Everything below from the line with "Izabel London Black" through the line with "For OnePlus Ace" should be copied exactly, and nothing else; leave out the pictures.
━━ Given records ━━
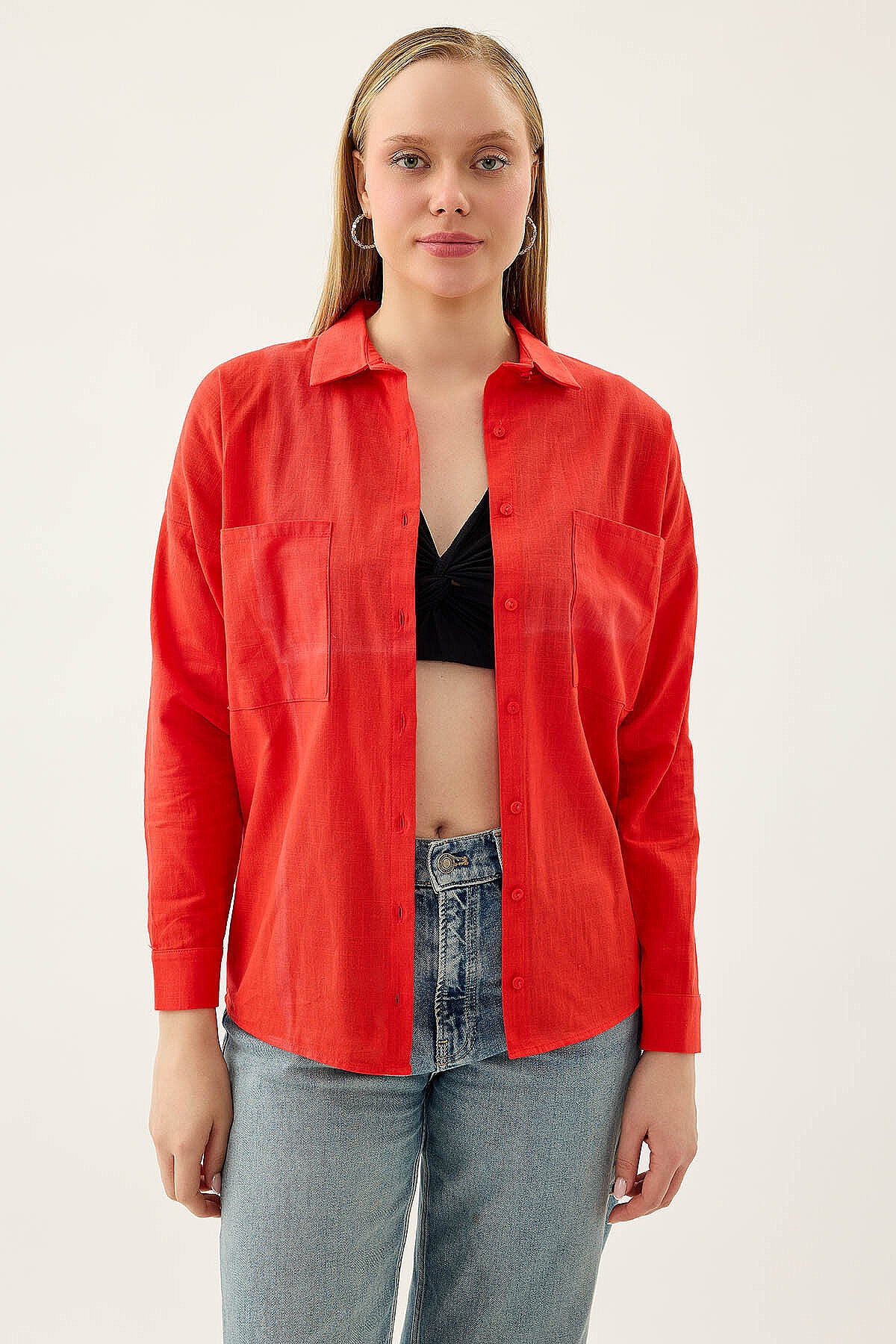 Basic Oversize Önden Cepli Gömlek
━━━
━━ Given records ━━
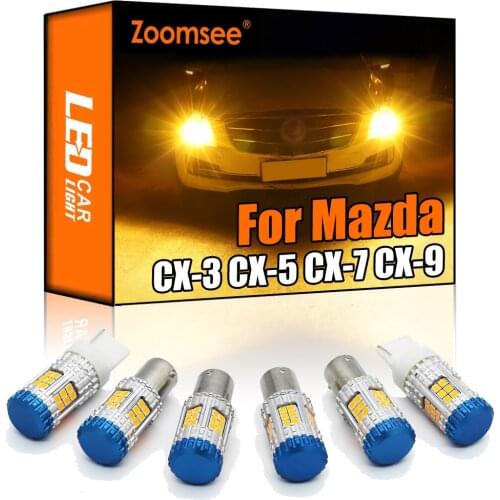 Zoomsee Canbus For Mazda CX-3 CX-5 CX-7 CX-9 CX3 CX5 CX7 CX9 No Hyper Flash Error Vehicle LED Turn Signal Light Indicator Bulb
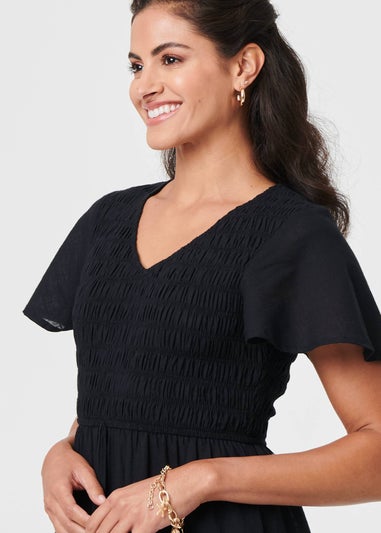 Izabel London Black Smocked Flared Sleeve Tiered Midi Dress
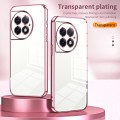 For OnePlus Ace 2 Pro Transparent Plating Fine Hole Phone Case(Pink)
━━━
[Solution to this exercise]:
 Izabel London Black Smocked Flared Sleeve Tiered Midi Dress
 For OnePlus Ace 2 Pro Transparent Plating Fine Hole Phone Case(Pink)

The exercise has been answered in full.